メーカーは前の製品と同じOSスクリーン社です。
以前お世話になった同社の営業さんが非常に好印象だったことから今回もOSスクリーン製でいくことに決めました。

アスペクト比は以前のものと同じ2.35:1(シネマスコープ)です。
上部の収納ボックス部が無くなった分、スクリーンサイズそのものも120インチから130インチに大型化することが出来ました。
設置する壁の幅を考えると最大で140インチも夢ではなかったのですが、両サイドにメインスピーカーを置くスペースを空ける必要があったため130インチで手を打ちました。
フレームも含めた全体の横幅は約3240mm。
設置する壁の横幅が3600mmなので、そこから左右スピーカー設置分を差し引くとこれがこの部屋に設置出来る最大サイズになります。
正味の画面サイズは、幅:3038mm x 縦:1293mm。
ハイビジョン画面を映す場合は幅:2299mm x 縦:1293mmとなり、16:9換算では104インチに相当します。

また、フレーム部分はベロア仕上げのフロッキー加工(黒)になっていて、余計な光を反射しない作りになっています。

そして、最も重要な生地には4K対応の「ピュアマットⅢ Cinema(WF302)」を選択しました。
12年前に買った前のスクリーン(「ピュアマットⅡ」)は2Kフルハイビジョン用でありながら4K-HDR映像も問題無く楽しめておりましたので、シワの問題さえなければ買い替えはもっと先になっていたと思います。

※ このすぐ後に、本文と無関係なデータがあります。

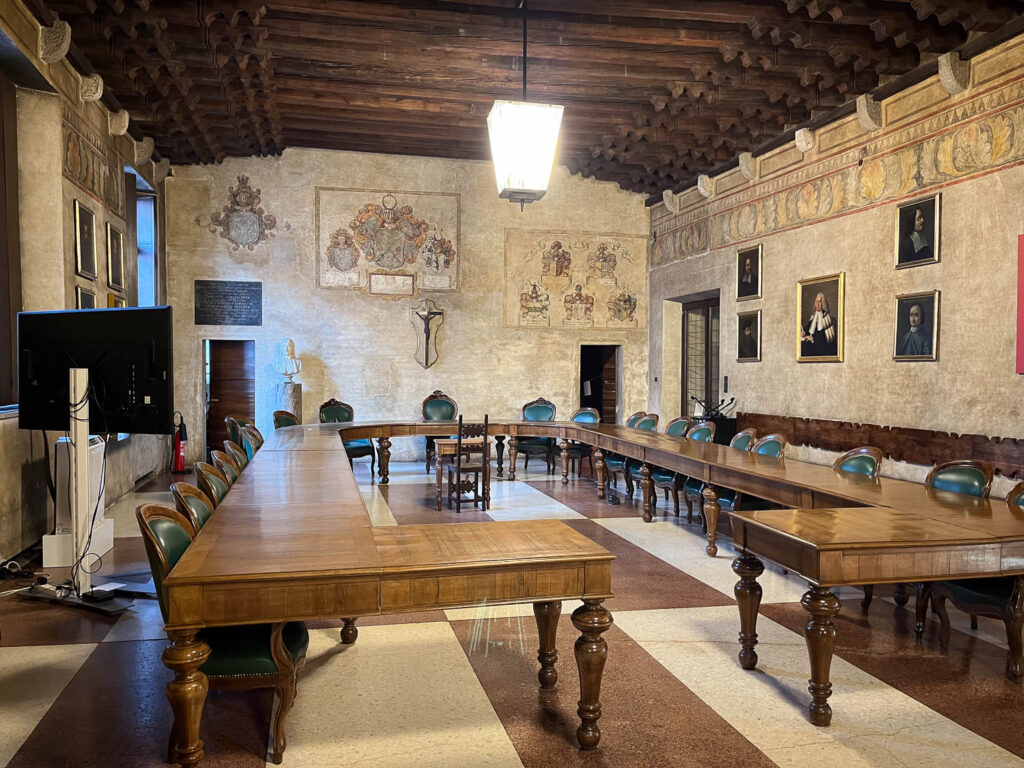 Prüfungssaal für angehende Mediziner:innen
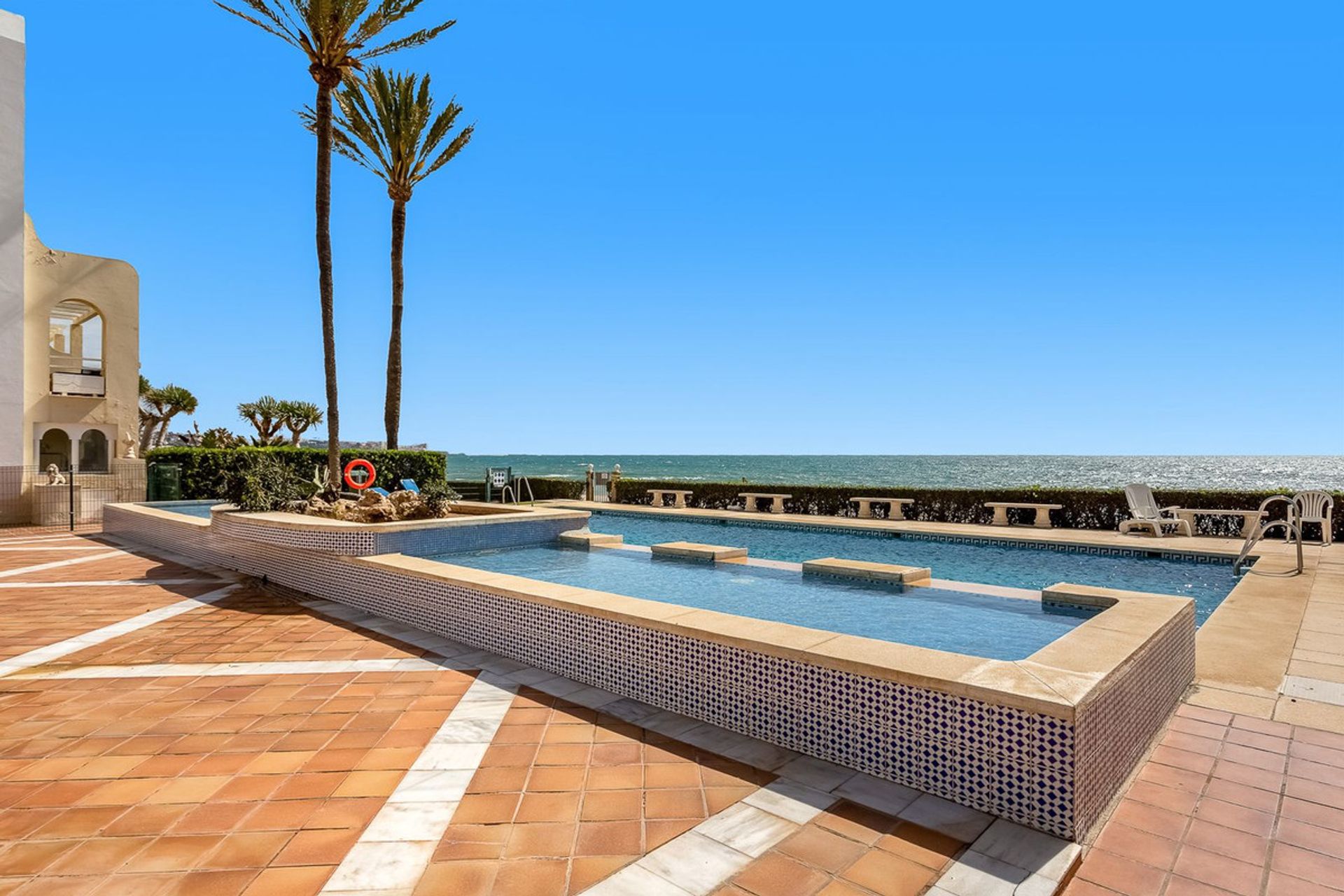 Condominio en Estepona, Andalucía 11004631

生地については、メーカーからピュアマットⅢ(WF302)と更に上のグレードの「レイロドール(HF102)」の2種類のサンプルを送ってもらって比較検討しました。

ピュアマットⅢ(WF302)は従来のピュアマットⅡをより明るくしたグレードアップ版で、従来のブルーレイやBS放送を映す限りでは私の愛機:DLA-X990Rとの相性はとても良いと感じました。
一方のレイロドール(HF102)ですが、こちらはどうやらHDR映像に特化した生地らしく非HDR映像を映写した場合は不自然に明るすぎました。
普段私が見る映像ソースはBlu-rayやWOWOWなど非HDR素材のほうが圧倒的に多いので、今回は「ピュアマットⅢ Cinema(WF302)」を選択しました。
HDR映像を映写するときは若干暗くなってしまいますが、X990Rのレンズアパーチャー(モードごとに基本明度をプリ設定する機能)を使ってHDRモードの時は自動的に明るさが上がるよう設定します。
また、張り込み式スクリーンは後から生地のみを購入して張り替えることが可能(ОS担当者談)とのことなので、将来的にはスクリーン買い替えではなくレイロドール生地への張り替えで済むかも知れません。
【購入】
発注したのは実はずいぶん前で、昨年の夏頃でした。
カタログには16:9タイプの製品しか載っていなかったため、まずはOSさんに直接電話してシネスコタイプが欲しいことを伝えました。
以前は16:9とシネスコの両タイプともカタログに載っていましたが、シネスコスクリーンは需要が少ないためか現在は特注扱いになっています。
発注そのものはOSスクリーン社HP内の<カスタムメイドスクリーン>ページから出来ますが、細かなオプション等については担当者と直接電話でやり取りしながら決定していきました。
安い買い物ではないので何度も連絡させていただきましたが、担当者の対応は”ある一点を除いて”(これについては最後に述べることにします)非常に迅速・丁寧で、以前の営業さんと同じく好印象を受けました。

発注して約2週間後に商品が届きました。
気になるお値段は税込み33万円です。
もう一度書きます。
税込み33万円です。
ただし、昨今あらゆる物の値段が値上がりされているようにホームシアタースクリーンも例外ではないようです。
最近ネットで知り合ったホームシアター仲間の話によると、現在は10万円近くも高くなっているとのことでした。
「値上げし過ぎじゃないか?」とも思いましたが、半年前は120円だったペットボトルの水が今は140円になっていることを思うと、この値上げ幅もある程度致し方ないのかも知れません。
偶然とはいえ、早めに決断していてラッキーでした。
それと、私の場合は最初にOSスクリーンに電話で問い合わせたときちょっとしたトラブルがあって、逆にそのおかげで大幅に値引きしてくれた可能性もあります。
「現在おたくのピュアマットⅡを愛用している者だが・・・」と話を切り出したのですが、応対した女の子がまだ新人だったらしく商品の事を何も分かっていなくてトンチンカンなことばかり言うのでついカッとなって「もういい!。他のメーカーにする!。」と電話を切ってしまったのです。
その後すぐに上司らしき人から折り返し電話があって、かなり上の立場の人が直接応対してくれることになりました。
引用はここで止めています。